### Aim of the exercise
From the first line to the last, transcribe the data exactly.

Top of Data to process

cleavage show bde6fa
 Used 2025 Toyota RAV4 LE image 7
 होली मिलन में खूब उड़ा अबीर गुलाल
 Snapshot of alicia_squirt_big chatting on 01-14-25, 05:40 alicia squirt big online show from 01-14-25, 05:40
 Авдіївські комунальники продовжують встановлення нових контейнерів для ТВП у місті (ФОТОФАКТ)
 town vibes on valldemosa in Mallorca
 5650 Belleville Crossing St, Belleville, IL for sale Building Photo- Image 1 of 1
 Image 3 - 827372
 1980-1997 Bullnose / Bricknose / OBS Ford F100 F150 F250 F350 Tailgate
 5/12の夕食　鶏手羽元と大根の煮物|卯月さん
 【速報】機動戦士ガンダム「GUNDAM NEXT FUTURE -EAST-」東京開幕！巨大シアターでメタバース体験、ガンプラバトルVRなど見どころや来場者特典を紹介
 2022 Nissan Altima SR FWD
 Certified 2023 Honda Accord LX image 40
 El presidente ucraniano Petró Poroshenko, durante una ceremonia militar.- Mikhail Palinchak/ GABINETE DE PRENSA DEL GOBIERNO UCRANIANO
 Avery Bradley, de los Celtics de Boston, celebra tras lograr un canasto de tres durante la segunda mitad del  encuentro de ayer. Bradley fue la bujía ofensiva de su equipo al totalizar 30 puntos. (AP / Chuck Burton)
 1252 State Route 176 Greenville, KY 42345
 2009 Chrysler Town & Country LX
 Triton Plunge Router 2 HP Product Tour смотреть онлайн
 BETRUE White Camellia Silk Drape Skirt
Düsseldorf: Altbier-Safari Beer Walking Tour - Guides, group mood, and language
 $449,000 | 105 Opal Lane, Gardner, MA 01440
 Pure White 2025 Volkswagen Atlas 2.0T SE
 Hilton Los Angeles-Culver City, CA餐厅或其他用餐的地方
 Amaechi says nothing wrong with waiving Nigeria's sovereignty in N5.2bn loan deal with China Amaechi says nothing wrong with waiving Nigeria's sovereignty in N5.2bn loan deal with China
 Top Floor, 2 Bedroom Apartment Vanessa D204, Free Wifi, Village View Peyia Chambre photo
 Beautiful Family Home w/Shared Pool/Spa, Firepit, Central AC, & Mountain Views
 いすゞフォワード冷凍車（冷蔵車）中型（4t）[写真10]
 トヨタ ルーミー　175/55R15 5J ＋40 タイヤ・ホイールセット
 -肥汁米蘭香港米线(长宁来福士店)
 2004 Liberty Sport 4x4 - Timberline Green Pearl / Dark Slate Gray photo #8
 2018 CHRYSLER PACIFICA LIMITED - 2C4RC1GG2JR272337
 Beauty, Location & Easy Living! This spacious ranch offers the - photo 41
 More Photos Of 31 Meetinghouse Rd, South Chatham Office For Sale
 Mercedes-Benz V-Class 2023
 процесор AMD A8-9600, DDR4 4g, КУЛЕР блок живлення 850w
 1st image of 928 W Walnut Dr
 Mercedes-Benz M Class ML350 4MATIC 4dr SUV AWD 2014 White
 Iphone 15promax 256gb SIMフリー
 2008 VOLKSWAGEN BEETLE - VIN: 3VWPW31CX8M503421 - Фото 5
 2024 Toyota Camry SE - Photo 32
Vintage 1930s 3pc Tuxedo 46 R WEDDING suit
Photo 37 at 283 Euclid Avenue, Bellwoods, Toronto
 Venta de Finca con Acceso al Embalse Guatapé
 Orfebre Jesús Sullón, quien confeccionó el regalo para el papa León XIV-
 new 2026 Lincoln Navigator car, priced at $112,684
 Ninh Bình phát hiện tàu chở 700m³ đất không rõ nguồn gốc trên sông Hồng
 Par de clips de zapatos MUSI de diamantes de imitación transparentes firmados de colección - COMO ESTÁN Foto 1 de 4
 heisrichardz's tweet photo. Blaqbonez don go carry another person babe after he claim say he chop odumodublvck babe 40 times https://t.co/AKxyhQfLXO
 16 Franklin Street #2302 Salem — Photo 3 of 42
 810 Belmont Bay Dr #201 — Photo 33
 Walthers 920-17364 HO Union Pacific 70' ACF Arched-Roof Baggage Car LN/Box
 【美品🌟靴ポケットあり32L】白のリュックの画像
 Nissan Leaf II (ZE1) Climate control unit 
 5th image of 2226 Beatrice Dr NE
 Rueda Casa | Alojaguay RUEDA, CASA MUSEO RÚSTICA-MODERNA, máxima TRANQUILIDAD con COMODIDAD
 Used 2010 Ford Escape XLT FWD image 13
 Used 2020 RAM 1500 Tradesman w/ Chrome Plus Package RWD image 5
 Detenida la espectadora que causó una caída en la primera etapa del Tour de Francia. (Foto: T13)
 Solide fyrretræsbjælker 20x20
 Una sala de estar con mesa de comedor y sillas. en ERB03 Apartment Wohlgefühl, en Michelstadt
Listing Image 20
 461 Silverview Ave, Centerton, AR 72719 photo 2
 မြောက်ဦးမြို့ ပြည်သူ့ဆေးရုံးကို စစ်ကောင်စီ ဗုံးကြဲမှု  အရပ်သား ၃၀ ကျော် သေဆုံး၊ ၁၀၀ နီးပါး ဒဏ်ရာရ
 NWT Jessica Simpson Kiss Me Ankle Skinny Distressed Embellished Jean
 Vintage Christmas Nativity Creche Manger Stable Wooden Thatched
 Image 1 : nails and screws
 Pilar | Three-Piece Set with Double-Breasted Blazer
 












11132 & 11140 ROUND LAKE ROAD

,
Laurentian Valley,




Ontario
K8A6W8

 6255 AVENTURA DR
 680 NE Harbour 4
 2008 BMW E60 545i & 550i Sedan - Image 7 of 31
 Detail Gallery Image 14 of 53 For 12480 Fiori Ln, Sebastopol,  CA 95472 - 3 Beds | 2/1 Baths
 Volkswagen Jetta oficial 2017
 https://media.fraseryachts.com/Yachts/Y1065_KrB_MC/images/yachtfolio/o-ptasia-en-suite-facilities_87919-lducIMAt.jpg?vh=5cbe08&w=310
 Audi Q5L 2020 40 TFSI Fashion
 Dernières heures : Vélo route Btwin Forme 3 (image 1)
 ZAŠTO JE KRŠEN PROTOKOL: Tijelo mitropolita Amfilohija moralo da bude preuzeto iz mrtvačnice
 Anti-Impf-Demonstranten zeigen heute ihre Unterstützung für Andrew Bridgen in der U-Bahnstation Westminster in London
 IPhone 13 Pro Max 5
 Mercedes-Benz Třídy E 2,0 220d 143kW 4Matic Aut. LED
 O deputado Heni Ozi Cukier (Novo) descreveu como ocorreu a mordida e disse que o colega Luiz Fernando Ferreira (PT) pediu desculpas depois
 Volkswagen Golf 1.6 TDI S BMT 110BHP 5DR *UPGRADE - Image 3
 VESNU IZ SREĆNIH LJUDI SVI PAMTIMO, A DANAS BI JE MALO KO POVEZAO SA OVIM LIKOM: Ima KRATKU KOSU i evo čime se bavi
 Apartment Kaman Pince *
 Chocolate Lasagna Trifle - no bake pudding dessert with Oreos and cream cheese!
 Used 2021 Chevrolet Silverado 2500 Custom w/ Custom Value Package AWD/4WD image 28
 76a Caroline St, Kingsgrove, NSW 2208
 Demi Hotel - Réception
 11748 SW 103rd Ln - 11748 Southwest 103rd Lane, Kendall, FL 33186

Bottom of Data to process

### Task result
cleavage show bde6fa
 Used 2025 Toyota RAV4 LE image 7
 होली मिलन में खूब उड़ा अबीर गुलाल
 Snapshot of alicia_squirt_big chatting on 01-14-25, 05:40 alicia squirt big online show from 01-14-25, 05:40
 Авдіївські комунальники продовжують встановлення нових контейнерів для ТВП у місті (ФОТОФАКТ)
 town vibes on valldemosa in Mallorca
 5650 Belleville Crossing St, Belleville, IL for sale Building Photo- Image 1 of 1
 Image 3 - 827372
 1980-1997 Bullnose / Bricknose / OBS Ford F100 F150 F250 F350 Tailgate
 5/12の夕食　鶏手羽元と大根の煮物|卯月さん
 【速報】機動戦士ガンダム「GUNDAM NEXT FUTURE -EAST-」東京開幕！巨大シアターでメタバース体験、ガンプラバトルVRなど見どころや来場者特典を紹介
 2022 Nissan Altima SR FWD
 Certified 2023 Honda Accord LX image 40
 El presidente ucraniano Petró Poroshenko, durante una ceremonia militar.- Mikhail Palinchak/ GABINETE DE PRENSA DEL GOBIERNO UCRANIANO
 Avery Bradley, de los Celtics de Boston, celebra tras lograr un canasto de tres durante la segunda mitad del  encuentro de ayer. Bradley fue la bujía ofensiva de su equipo al totalizar 30 puntos. (AP / Chuck Burton)
 1252 State Route 176 Greenville, KY 42345
 2009 Chrysler Town & Country LX
 Triton Plunge Router 2 HP Product Tour смотреть онлайн
 BETRUE White Camellia Silk Drape Skirt
Düsseldorf: Altbier-Safari Beer Walking Tour - Guides, group mood, and language
 $449,000 | 105 Opal Lane, Gardner, MA 01440
 Pure White 2025 Volkswagen Atlas 2.0T SE
 Hilton Los Angeles-Culver City, CA餐厅或其他用餐的地方
 Amaechi says nothing wrong with waiving Nigeria's sovereignty in N5.2bn loan deal with China Amaechi says nothing wrong with waiving Nigeria's sovereignty in N5.2bn loan deal with China
 Top Floor, 2 Bedroom Apartment Vanessa D204, Free Wifi, Village View Peyia Chambre photo
 Beautiful Family Home w/Shared Pool/Spa, Firepit, Central AC, & Mountain Views
 いすゞフォワード冷凍車（冷蔵車）中型（4t）[写真10]
 トヨタ ルーミー　175/55R15 5J ＋40 タイヤ・ホイールセット
 -肥汁米蘭香港米线(长宁来福士店)
 2004 Liberty Sport 4x4 - Timberline Green Pearl / Dark Slate Gray photo #8
 2018 CHRYSLER PACIFICA LIMITED - 2C4RC1GG2JR272337
 Beauty, Location & Easy Living! This spacious ranch offers the - photo 41
 More Photos Of 31 Meetinghouse Rd, South Chatham Office For Sale
 Mercedes-Benz V-Class 2023
 процесор AMD A8-9600, DDR4 4g, КУЛЕР блок живлення 850w
 1st image of 928 W Walnut Dr
 Mercedes-Benz M Class ML350 4MATIC 4dr SUV AWD 2014 White
 Iphone 15promax 256gb SIMフリー
 2008 VOLKSWAGEN BEETLE - VIN: 3VWPW31CX8M503421 - Фото 5
 2024 Toyota Camry SE - Photo 32
Vintage 1930s 3pc Tuxedo 46 R WEDDING suit
Photo 37 at 283 Euclid Avenue, Bellwoods, Toronto
 Venta de Finca con Acceso al Embalse Guatapé
 Orfebre Jesús Sullón, quien confeccionó el regalo para el papa León XIV-
 new 2026 Lincoln Navigator car, priced at $112,684
 Ninh Bình phát hiện tàu chở 700m³ đất không rõ nguồn gốc trên sông Hồng
 Par de clips de zapatos MUSI de diamantes de imitación transparentes firmados de colección - COMO ESTÁN Foto 1 de 4
 heisrichardz's tweet photo. Blaqbonez don go carry another person babe after he claim say he chop odumodublvck babe 40 times https://t.co/AKxyhQfLXO
 16 Franklin Street #2302 Salem — Photo 3 of 42
 810 Belmont Bay Dr #201 — Photo 33
 Walthers 920-17364 HO Union Pacific 70' ACF Arched-Roof Baggage Car LN/Box
 【美品🌟靴ポケットあり32L】白のリュックの画像
 Nissan Leaf II (ZE1) Climate control unit 
 5th image of 2226 Beatrice Dr NE
 Rueda Casa | Alojaguay RUEDA, CASA MUSEO RÚSTICA-MODERNA, máxima TRANQUILIDAD con COMODIDAD
 Used 2010 Ford Escape XLT FWD image 13
 Used 2020 RAM 1500 Tradesman w/ Chrome Plus Package RWD image 5
 Detenida la espectadora que causó una caída en la primera etapa del Tour de Francia. (Foto: T13)
 Solide fyrretræsbjælker 20x20
 Una sala de estar con mesa de comedor y sillas. en ERB03 Apartment Wohlgefühl, en Michelstadt
Listing Image 20
 461 Silverview Ave, Centerton, AR 72719 photo 2
 မြောက်ဦးမြို့ ပြည်သူ့ဆေးရုံးကို စစ်ကောင်စီ ဗုံးကြဲမှု  အရပ်သား ၃၀ ကျော် သေဆုံး၊ ၁၀၀ နီးပါး ဒဏ်ရာရ
 NWT Jessica Simpson Kiss Me Ankle Skinny Distressed Embellished Jean
 Vintage Christmas Nativity Creche Manger Stable Wooden Thatched
 Image 1 : nails and screws
 Pilar | Three-Piece Set with Double-Breasted Blazer
 












11132 & 11140 ROUND LAKE ROAD

,
Laurentian Valley,




Ontario
K8A6W8

 6255 AVENTURA DR
 680 NE Harbour 4
 2008 BMW E60 545i & 550i Sedan - Image 7 of 31
 Detail Gallery Image 14 of 53 For 12480 Fiori Ln, Sebastopol,  CA 95472 - 3 Beds | 2/1 Baths
 Volkswagen Jetta oficial 2017
 https://media.fraseryachts.com/Yachts/Y1065_KrB_MC/images/yachtfolio/o-ptasia-en-suite-facilities_87919-lducIMAt.jpg?vh=5cbe08&w=310
 Audi Q5L 2020 40 TFSI Fashion
 Dernières heures : Vélo route Btwin Forme 3 (image 1)
 ZAŠTO JE KRŠEN PROTOKOL: Tijelo mitropolita Amfilohija moralo da bude preuzeto iz mrtvačnice
 Anti-Impf-Demonstranten zeigen heute ihre Unterstützung für Andrew Bridgen in der U-Bahnstation Westminster in London
 IPhone 13 Pro Max 5
 Mercedes-Benz Třídy E 2,0 220d 143kW 4Matic Aut. LED
 O deputado Heni Ozi Cukier (Novo) descreveu como ocorreu a mordida e disse que o colega Luiz Fernando Ferreira (PT) pediu desculpas depois
 Volkswagen Golf 1.6 TDI S BMT 110BHP 5DR *UPGRADE - Image 3
 VESNU IZ SREĆNIH LJUDI SVI PAMTIMO, A DANAS BI JE MALO KO POVEZAO SA OVIM LIKOM: Ima KRATKU KOSU i evo čime se bavi
 Apartment Kaman Pince *
 Chocolate Lasagna Trifle - no bake pudding dessert with Oreos and cream cheese!
 Used 2021 Chevrolet Silverado 2500 Custom w/ Custom Value Package AWD/4WD image 28
 76a Caroline St, Kingsgrove, NSW 2208
 Demi Hotel - Réception
 11748 SW 103rd Ln - 11748 Southwest 103rd Lane, Kendall, FL 33186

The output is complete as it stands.